======== Material for this task ========

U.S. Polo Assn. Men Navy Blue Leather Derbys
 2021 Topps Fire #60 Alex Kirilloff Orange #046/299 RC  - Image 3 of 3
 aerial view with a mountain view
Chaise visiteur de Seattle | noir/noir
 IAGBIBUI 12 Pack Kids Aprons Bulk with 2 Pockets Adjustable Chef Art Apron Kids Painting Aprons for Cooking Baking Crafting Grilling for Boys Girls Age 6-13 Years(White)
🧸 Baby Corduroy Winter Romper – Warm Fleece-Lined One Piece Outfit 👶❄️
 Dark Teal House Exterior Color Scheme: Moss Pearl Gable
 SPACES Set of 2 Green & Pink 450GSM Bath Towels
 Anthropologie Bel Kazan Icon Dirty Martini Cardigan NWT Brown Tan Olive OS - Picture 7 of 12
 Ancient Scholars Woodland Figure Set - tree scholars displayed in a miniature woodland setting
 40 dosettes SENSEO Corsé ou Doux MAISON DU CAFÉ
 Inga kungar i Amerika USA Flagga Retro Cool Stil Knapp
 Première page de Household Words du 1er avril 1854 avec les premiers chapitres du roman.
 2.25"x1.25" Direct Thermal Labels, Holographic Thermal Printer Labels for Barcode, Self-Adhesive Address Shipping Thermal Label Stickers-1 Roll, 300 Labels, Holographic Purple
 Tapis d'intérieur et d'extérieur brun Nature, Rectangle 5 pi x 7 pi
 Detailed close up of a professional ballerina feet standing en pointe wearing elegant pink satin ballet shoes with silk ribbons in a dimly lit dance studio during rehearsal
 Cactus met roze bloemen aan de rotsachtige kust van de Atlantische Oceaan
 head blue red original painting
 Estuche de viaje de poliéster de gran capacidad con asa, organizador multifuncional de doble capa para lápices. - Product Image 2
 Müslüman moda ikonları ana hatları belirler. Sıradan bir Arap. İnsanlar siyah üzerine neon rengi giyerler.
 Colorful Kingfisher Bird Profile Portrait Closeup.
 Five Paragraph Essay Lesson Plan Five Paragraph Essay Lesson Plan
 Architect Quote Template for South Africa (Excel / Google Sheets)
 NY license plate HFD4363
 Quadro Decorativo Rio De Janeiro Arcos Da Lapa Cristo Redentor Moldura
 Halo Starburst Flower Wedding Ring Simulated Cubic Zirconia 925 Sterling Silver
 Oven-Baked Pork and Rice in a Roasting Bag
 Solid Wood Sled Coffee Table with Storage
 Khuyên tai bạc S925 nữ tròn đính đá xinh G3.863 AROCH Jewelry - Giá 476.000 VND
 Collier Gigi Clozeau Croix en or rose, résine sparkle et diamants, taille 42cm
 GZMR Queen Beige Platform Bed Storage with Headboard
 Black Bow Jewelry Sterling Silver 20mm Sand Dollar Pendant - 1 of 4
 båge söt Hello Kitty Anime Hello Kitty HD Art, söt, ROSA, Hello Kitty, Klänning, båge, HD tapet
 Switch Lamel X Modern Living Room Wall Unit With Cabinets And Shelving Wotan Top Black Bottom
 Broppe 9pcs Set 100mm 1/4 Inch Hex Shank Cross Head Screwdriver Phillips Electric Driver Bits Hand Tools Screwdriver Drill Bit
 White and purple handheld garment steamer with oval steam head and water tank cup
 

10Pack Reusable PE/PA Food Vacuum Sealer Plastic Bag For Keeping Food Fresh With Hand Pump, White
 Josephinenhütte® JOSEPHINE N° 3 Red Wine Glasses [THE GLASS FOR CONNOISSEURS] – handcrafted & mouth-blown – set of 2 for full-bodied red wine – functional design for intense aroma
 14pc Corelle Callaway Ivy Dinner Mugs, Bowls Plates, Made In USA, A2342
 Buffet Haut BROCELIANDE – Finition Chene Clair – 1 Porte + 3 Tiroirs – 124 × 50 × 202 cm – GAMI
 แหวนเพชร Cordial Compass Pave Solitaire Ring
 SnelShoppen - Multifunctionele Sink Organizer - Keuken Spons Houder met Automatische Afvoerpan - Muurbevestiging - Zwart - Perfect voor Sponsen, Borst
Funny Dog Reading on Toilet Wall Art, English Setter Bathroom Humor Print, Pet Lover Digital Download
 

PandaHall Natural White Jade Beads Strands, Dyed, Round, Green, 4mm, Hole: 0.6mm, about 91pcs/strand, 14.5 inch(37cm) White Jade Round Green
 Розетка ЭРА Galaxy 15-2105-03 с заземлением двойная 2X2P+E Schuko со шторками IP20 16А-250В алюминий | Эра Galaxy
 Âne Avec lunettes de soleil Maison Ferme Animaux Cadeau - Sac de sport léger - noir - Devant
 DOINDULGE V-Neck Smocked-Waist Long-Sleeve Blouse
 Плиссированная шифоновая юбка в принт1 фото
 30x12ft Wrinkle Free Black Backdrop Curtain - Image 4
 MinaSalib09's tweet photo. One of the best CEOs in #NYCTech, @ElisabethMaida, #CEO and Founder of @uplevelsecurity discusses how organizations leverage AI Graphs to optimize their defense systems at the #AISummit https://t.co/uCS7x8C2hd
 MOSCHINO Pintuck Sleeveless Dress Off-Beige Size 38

========

_What the task requires_
Reproduce exactly every line that sits between the start of the entries and the line bearing "Anthropologie Bel Kazan", counting both of those lines.

_Response to this exercise_
U.S. Polo Assn. Men Navy Blue Leather Derbys
 2021 Topps Fire #60 Alex Kirilloff Orange #046/299 RC  - Image 3 of 3
 aerial view with a mountain view
Chaise visiteur de Seattle | noir/noir
 IAGBIBUI 12 Pack Kids Aprons Bulk with 2 Pockets Adjustable Chef Art Apron Kids Painting Aprons for Cooking Baking Crafting Grilling for Boys Girls Age 6-13 Years(White)
🧸 Baby Corduroy Winter Romper – Warm Fleece-Lined One Piece Outfit 👶❄️
 Dark Teal House Exterior Color Scheme: Moss Pearl Gable
 SPACES Set of 2 Green & Pink 450GSM Bath Towels
 Anthropologie Bel Kazan Icon Dirty Martini Cardigan NWT Brown Tan Olive OS - Picture 7 of 12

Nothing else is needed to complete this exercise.